A la lecture, ce sont les potentialités de formation qui m’ont également intéressé. En effet, cette culture des makers est pleinement une culture technique, telle que décrite par Simondon. Une capacité à comprendre, à faire et à refaire mais aussi une culture informationnelle qui témoigne d’une capacité à trouver l’information ou la personne compétente pour résoudre un problème. C’est aussi une compétence documentaire, tant il s’agit de documenter les actions réalisées, de réaliser des plans, etc. C’est évidemment une série de compétences informatiques, tant il s’agit de coder et d’utiliser des logiciels de CAO. On retrouve beaucoup de similitudes avec des pans de la culture des hackers et des adeptes de l’open source.

Le livre constitue aussi un important document pour la défense des enseignements de technologie :

« Les enfants d’aujourd’hui apprennent à utiliser Powerpoint et excel en cours d’informatique, et ils apprennent encore à dessiner et à sculpter en cours d’initiation artistique. Mais ne serait-il pas mieux qu’une troisième option leur soit offerte : le cours de conception ? Imaginez un cours dans lequel les enfants apprendraient à utiliser des outils de CAO 3d comme Google Sketchup ou Autodesk123D. Certains d’entre eux dessineraient des immeubles et des structures fantastiques, comme ils le font aujourd’hui sur leur cahier. D’autres créeraient des jeux vidéos perfectionnés à plusieurs niveaux, avec leurs paysages et leurs véhicules. Et d’autres encore, des machines. »p.68

Pour cela Anderson recommande d’investir dans des imprimantes 3D et des découpeuses lasers dans les établissements. Bref : créer des Fablabs au sein des établissements. Il ne s’attarde finalement que peu sur les aspects éducatifs.

Je pense qu’on peut envisager cette philosophie du « Faire », bien au-delà de la seule conception « machine » tant il s’agit de faire aussi dans les disciplines des sciences sociales et humaines. Aurélien Berra évoquait la nécessité de « faire des humanités numériques ». Je crois que ça ne doit pas s’arrêter aux seuls territoires des chercheurs mais cela doit investir des terrains plus larges dont ceux de l’Education toute entière.

Car le « Faire » n’est pas une simple action commandée, il implique la capacité à raisonner et à comprendre. La séparation entre la réflexion et l’action, entre l’intellectuel et le technicien n’existe pas.

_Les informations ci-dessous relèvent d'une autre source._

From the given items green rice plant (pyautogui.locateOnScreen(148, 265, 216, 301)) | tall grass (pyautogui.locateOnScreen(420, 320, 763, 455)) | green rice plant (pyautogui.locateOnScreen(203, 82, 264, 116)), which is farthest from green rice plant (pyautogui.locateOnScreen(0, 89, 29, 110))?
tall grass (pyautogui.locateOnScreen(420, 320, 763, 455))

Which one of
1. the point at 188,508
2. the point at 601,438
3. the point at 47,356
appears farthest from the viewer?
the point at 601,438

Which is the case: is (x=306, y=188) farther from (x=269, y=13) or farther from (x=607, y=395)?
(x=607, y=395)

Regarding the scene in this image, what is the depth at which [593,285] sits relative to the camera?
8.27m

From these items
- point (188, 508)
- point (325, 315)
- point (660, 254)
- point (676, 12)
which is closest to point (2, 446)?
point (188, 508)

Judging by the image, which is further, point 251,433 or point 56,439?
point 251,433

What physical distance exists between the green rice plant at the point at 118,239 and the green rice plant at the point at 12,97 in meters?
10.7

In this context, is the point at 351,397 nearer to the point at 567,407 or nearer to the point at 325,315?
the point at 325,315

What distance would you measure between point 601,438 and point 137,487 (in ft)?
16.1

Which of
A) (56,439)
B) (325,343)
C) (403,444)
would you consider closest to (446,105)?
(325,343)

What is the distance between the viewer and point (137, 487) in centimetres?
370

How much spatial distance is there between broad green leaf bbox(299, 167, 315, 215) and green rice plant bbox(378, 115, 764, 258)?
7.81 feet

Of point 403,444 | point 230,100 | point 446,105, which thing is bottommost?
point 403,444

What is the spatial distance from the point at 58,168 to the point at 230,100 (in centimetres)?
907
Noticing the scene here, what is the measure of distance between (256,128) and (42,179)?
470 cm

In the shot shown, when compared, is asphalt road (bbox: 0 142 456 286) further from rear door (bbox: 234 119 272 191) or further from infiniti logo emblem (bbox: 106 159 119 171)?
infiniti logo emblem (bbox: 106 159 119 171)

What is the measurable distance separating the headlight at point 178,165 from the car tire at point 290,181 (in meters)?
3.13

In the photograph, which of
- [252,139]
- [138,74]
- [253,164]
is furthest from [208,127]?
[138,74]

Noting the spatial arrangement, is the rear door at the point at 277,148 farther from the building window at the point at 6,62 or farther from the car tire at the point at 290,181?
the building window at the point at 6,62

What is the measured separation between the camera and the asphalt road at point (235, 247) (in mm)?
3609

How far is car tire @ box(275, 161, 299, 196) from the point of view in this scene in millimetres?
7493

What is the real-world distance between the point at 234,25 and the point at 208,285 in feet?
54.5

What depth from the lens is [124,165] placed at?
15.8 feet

J’y reviendrai prochainement car on besoin urgemment de revoir toute la formation littéraire et notamment le BAC L qui doit devenir un BAC H.

Appel à articles : les cahiers du numérique. Quels agencements pour les Humanités Numériques ?

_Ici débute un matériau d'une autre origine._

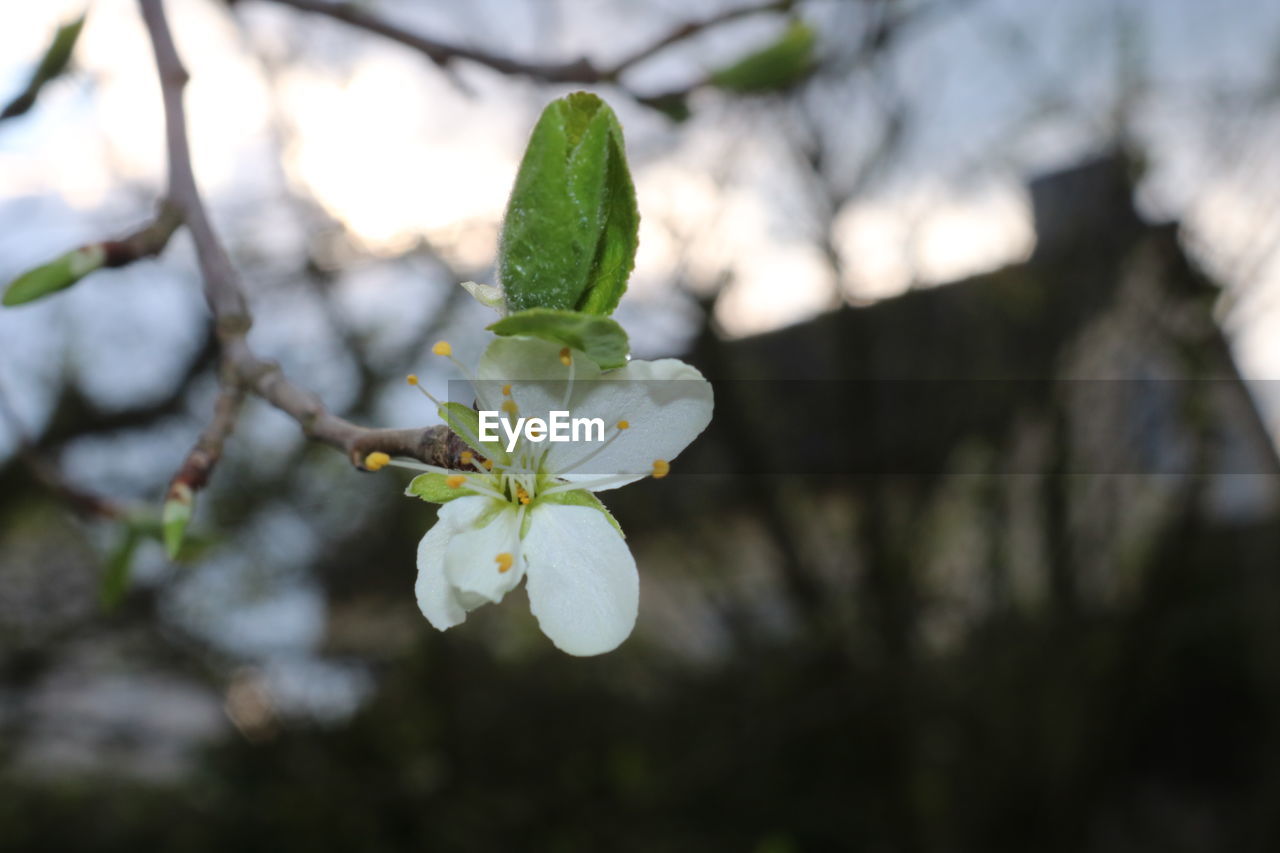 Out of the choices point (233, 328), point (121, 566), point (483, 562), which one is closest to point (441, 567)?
point (483, 562)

Je transmets un appel qui montre la montée en puissance de l’intérêt pour les humanités numériques. A vos propositions.

Le numéro est sous
la direction de Eddie SOULIER

 
Date limite de soumission : 30/06/2013

THÉMATIQUE : Sciences et technologies de l’information et de la communication

OBJECTIF

La quête d’un entre-deux entre l’acteur et le système a été la marque de fabrique des Sciences Humaines et Sociales (SHS) au tournant des années 80, stylisée comme une dualité par Antony Giddens. Les catégories de dispositifs (Foucault), d’agencements collectifs d’énonciation (Deleuze et Guattari), de pratique (Schatzki), d’acteur-réseau (Callon et Latour) ou d’institutions du sens (Descombes) ont été des candidates, parmi d’autres, au dépassement de cette dualité. Elles s’inscrivent en tension vis-à-vis de l’ordre de l’interaction décrit par Ervin Goffman, tension qu’on peut étendre à « l’ordre de la situation » (en référence à la phénoménologie sociale, l’ethnométhodologie ou la cognition située) comme à celui de l’activité, mis en avant par les théoriciens contemporains de l’activité (Engeström, 1987 ou Clot, 1999). Les premières catégories présentent un air de famille holistique que ne possèdent pas les secondes (qui ne formeraient qu’un « holisme affaibli » selon Berthelot, 2001), celui d’un holisme renouvelé cependant, où les propriétés des phénomènes émergent de l’interaction entre les parties et non d’un tout organique, comme le rappelle vigoureusement Manuel DeLanda (Agencements versus totalités, 2009).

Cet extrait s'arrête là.